While acknowledging that the structure of the appointment procedure for
the senior ranks below major-generals existed and that the observance of
this structure had improved after the Second Lebanon War, the state
comptroller concluded that "the results of the investigation point to
failure to observe some of the criteria established by the IDF as a
condition for receiving appointments…This situation does not jibe with
the aim of appointing officers who have the necessary experience and
know-how to satisfactorily carry out their tasks. The IDF must make
certain that the development of the officer staff, and the
characteristics of service, allow it to meet the criteria established as
a condition for appointment to these jobs."
In its response to the report, the IDF spokesman said most of the state
comptroller's comments on the appointments of senior officers were based
on the findings of his initial investigation in 2007. Since then, the
army had begun preparing a "project for the promotion of the officer
staff" in which all of general staff orders were being updated including
those related to the promotion and training of the senior officer
staff. The state comptroller's comments from the initial investigation
had been taken into account in this work, the IDF spokesman said.

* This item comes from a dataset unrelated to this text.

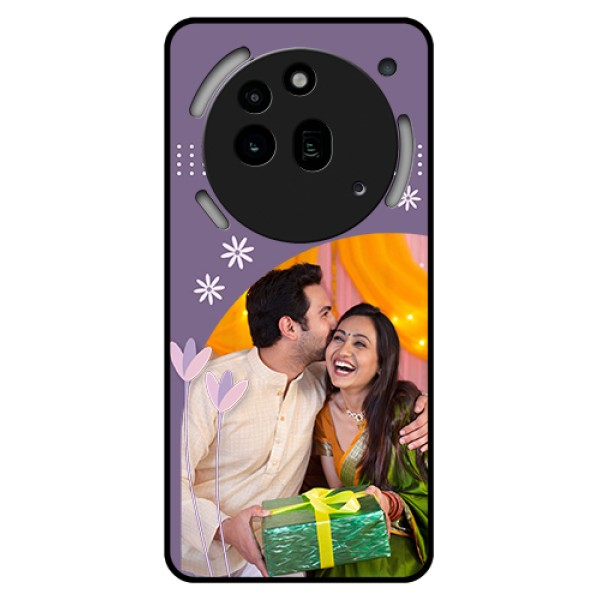 Nothing Phone 3A Pro 5G Custom Glass Phone Case - Lavender Flowers Design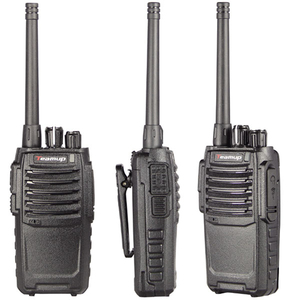 T333 UHF 2W Digital Full Duplex Walkie Talkie 16 canales DMR Sistema de intercomunicación inalámbrico con radio de mano de larga duración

The spokesman also replied to the state comptroller's specific criticism
that officers were promoted even though some had not completed the
minimal time in their previous rank. He said the army had amended this
regulation to specifically permit the premature advancement of veteran
and experienced officers who met all the other criteria for advancement.
Regarding the state comptroller's criticism of the lack of fixed
criteria for promoting officers to the rank of lieutenant-general, the
spokesman wrote, "The IDF intends to formally establish certain
parameters including age, training, number of positions held, higher
education degrees and personal profile. The regulation will be presented
to the minister of defense for his comments."